To be perfectly honest, this is a little surprising, I thought he was going to get a few minutes a game, but it sounds like O'Brien's going to give him at least ten minutes a game to open up things for everyone else.

I'm interested in finding out whether or not Kyle can handle the expanded workload.


----------



## Coatesvillain (Jul 17, 2002)

> "That's music to my ears," said a smiling Korver after Thursday morning's practice. "That's the way, obviously, I'd like it. I feel like I can really open things up. If I'm able to [knock down] a couple 3s, they're going to be more conscious about where I'm at and that's going to open things up for guys like Allen [Iverson] and Willie [Green] and Aaron [McKie] and whoever else is trying to drive to the hole.
> 
> "That's what coach O'Brien is trying to do. That's my thing. I don't have to change my game at all. I've adapted to what some coaches wanted, but that's naturally what I like to do."
> 
> ...


LINK


----------



## Bruno (Sep 15, 2003)

not really surprising for me since o´brien said that this team will shoot more for 3 points the style of the game of this coach so if korver is a good 3 pointer so he will play more minuts.


----------



## RoyWilliams (May 25, 2003)

It will be nice to have a guy who can actually knock down a 3 out there.


----------



## Pan Mengtu (Jun 18, 2004)

Yeah, that kind of worries me. O'Brien keeps repeating how they are going to shoot more threes, but Kyle's the only good three point shooter on the team. Allen, McKie, Willie can hit it down some, but... this ain't celtics with pierce, walker, delk. I'm not sure he won't change his tune and just allow allen to try and make things happen himself.


----------



## BEEZ (Jun 12, 2002)

> Originally posted by <b>Pan Mengtu</b>!
> Yeah, that kind of worries me. O'Brien keeps repeating how they are going to shoot more threes, but Kyle's the only good three point shooter on the team. Allen, McKie, Willie can hit it down some, but... this ain't celtics with pierce, walker, delk. I'm not sure he won't change his tune and just allow allen to try and make things happen himself.

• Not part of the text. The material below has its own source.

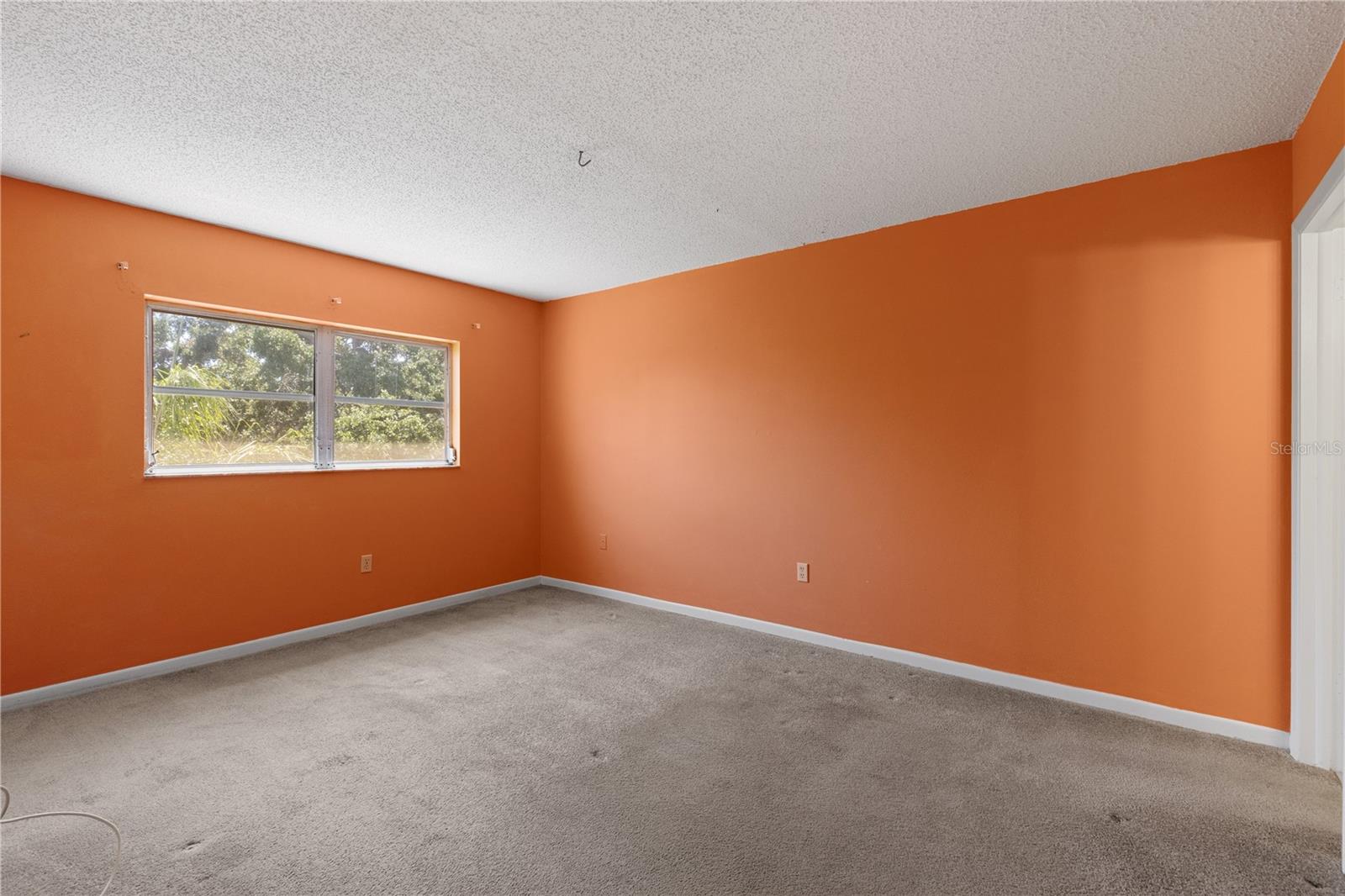 Image 13 of 29 For 860 Virginia Street 304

and none of the 3 guys you just mentioned are good 3 pointer hooters either they just took alot which meant they were going make alot


----------



## Ps!ence_Fiction (Aug 1, 2004)

wut r u talking about, McKie was the league leader last year for 3pt% for more than half of the season, how is he not a good 3 point shooter?


----------



## Coatesvillain (Jul 17, 2002)

> Originally posted by <b>Ps!ence_Fiction</b>!
> wut r u talking about, McKie was the league leader last year for 3pt% for more than half of the season, how is he not a good 3 point shooter?

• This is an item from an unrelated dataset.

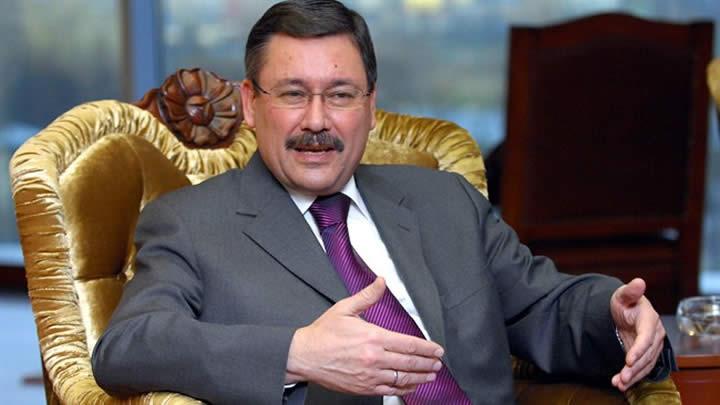 Melih Gkek'ten Aygn'e: Sen gay misin"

Like BEEZ said McKie made a lot, because he took a lot. He was the league leader for the first half of the season, but it dropped back down to Earth in the second half. McKie's release is way too slow for him to consistently be a good three point threat, with great ball movement he can continue to be an adquate one.

Green is more of a midrange scorer, who can go out to three at time. And Allen Iverson is a good three point shooter, his problem is his percentage drops with the many ill-advised three pointers he takes.


----------



## Kunlun (Jun 22, 2003)

I think we need one more good shooter on the team to be extremely dangerous, a tall shooter would be nice. I think that if we could some how get our hands on Nikoloz Tskitishvili then it would benefit our team greatly. But, I have no idea what we would have to give up to get him.


----------



## Middy (Jul 16, 2002)

> Originally posted by <b>KL Dawger</b>!
> I think we need one more good shooter on the team to be extremely dangerous, a tall shooter would be nice. I think that if we could some how get our hands on Nikoloz Tskitishvili then it would benefit our team greatly. But, I have no idea what we would have to give up to get him.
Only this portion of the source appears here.